Serat Angger Pradata Awal & Pradata Akir Di Kraton Yogyakarta

Penulis           : Endah Susilantini
Penerbit         : KemDikBud Balai Pelestarian Nilai Budaya Yogyakarta
Tahun              : 2014
Kolasi             : vi, 144 p. : ill ; 25 cm
Ringkasan isi :
Serat Angger adalah salah satu naskah kuna yang dihasilkan di masa lalu. Naskah ini berisi tentang aturan perundang-undangan yang mengatur hukum di masa lalu. Serat Angger ditulis ketika masa Hamengkubuwana VI. Tentunya ada maksud tertentu mengapa kemudian Sultan Hamengkubuwana VI menganggap penting untuk menulis kembali Serat Angger ini. Pasti ada alasan-alasan tertentu yang ingin diungkapkan dalam serat tersebut. Apalagi di masa itu aturan perundang - undangan yang berlaku adalah hukum kerajaan dan hukum kolonial.

Nasah Serat Angger merupakan salah satu naskah koleksi Perpustakaan Negeri Sanabudaya, Yogyakarta dengan nomer koleksi PBA. 196. Naskah tersebut berisi tentang perundang-undangan tradisional yang diberlakukan di Kraton Kasultanan Yogyakarta. Undang - undang tersebut mengatur sistem bermasyarakat, bernegara, serta mengandung nilai-nilai kearifan tradisional yang diteladani untuk diterapkan dalam kehidupan masyarakat. Naskah tersebut berisi tentang perundang-undangan atau Angger-angger yang berlaku di Kraton Kasultanan Yogyakarta, tepatnya dalam pemerintahan Sultan Hamengkubuwana VI.
Serat Angger PBA. 196 ditulis oleh Raden Lurah Atmasuteja, abdi dalem lurah ponakawan, putra ing Kedhaton, berdasarkan naskah induk milik Raden Riya Yudaprawira, bupati wadana dhistrik di Kalibawang. Penulisan naskah ini dilakukan atas perintah Sri Sultan Hamengkubuwana VI (1855-1877) yang diperintahkan menulis pada tanggal 1 muharram tahun jimakir 1796 atau tanggal 26 mei 1865.

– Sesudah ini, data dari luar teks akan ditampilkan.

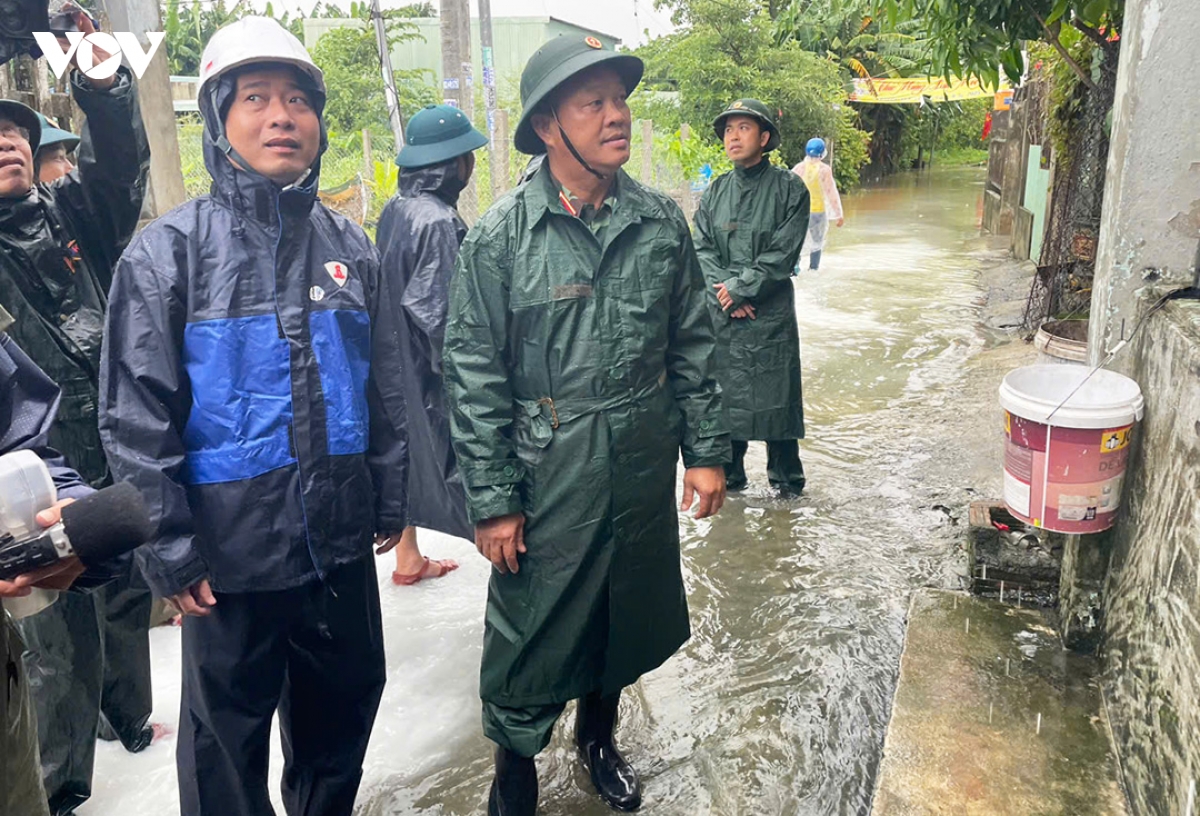 btl quan khu 5 kiem tra diem xung yeu, san sang ho tro dan di doi tranh bao so 10 hinh anh 3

Serat Angger ditulis pada hari Ahad Wage, tanggal 23 jumadilakhir 1749, adalah merupakan surat peringatan atas nama Kanjeng Sinuhun Hamengkubuwana Ngabdurakhman Sayidin Panatagama Khalifatollah. Surat tersebut disampaikan Sultan kepada Tumenggung Natapraja yang dijadikan sebagi jaksa di pradata. Ia ditugasi oleh Sultan untuk mengadili semua rakyat yang bertengkar dan berselisih. Di samping itu, tumenggung Natapraja juga diminta untuk menggunakan hati yang sungguh-sungguh dan bersih serta ikhlas. Selain Tumenggung Natapraja yang diberi wewenang untuk melerai pertengkaran, juga dibantu oleh kawan-kawannya. Hal tersebut dilakukan dengan tujuan untuk membenarkan atau mengadili kepada semua rakyat yang bertengkar, kecuali yang naik ke ranah hukum. Sesuatu yang diakibatkan oleh kekuasaan dan kecuali yang disebabkan menangani masalah rumah tangga antara suami danisteri ditangani oleh Tumenggung Natapraja sendiri. Di samping itu, urusan peradilan di pemerintah ditugaskan kepada Adipati Danureja. Peringatan perundangan yang dikeluarkan oleh Sultan ada dua hal, antara lain peradilan pradata, dan peradilan surambi.  
Mengenai peraturan tentang perundang-undangan tradisional yang dibuat oleh Sultan Hamengkubuwana adalah Serat Angger Pradata Awal dan Serat Angger Pradata Akhir. Serat Angger Pradata Awal terdiri dari 42 bagian, sedangkan Serat Angger Pradata Akhir terdiri dari 21 bagian. Mengenai isinya, Serat Angger Pradata Awal lebih banyak hal-hal yang diungkapkan dan tidak terdapat dalam isi Serat Angger Pradata Akhir, meskipun ada beberapa perbedaan dari kedua Angger tersebut. Baik Angger Pradata Awal maupun Angger Pradata Akhir, ditujukan kepada seluruh rakyat di Wilayah Kerajaan Mataram (Yogyakarta). Undang-undang  tersebut hanya diberlakukan setelah terjadinya Perjanjian Giyanti (1755) atau setelah terjadinya palihan nagari. Adapun peringatan atau Angger - angger tersebut tidak berlakunya jika diberlakukannya sebelum peristiwa perjanjian Giyanti.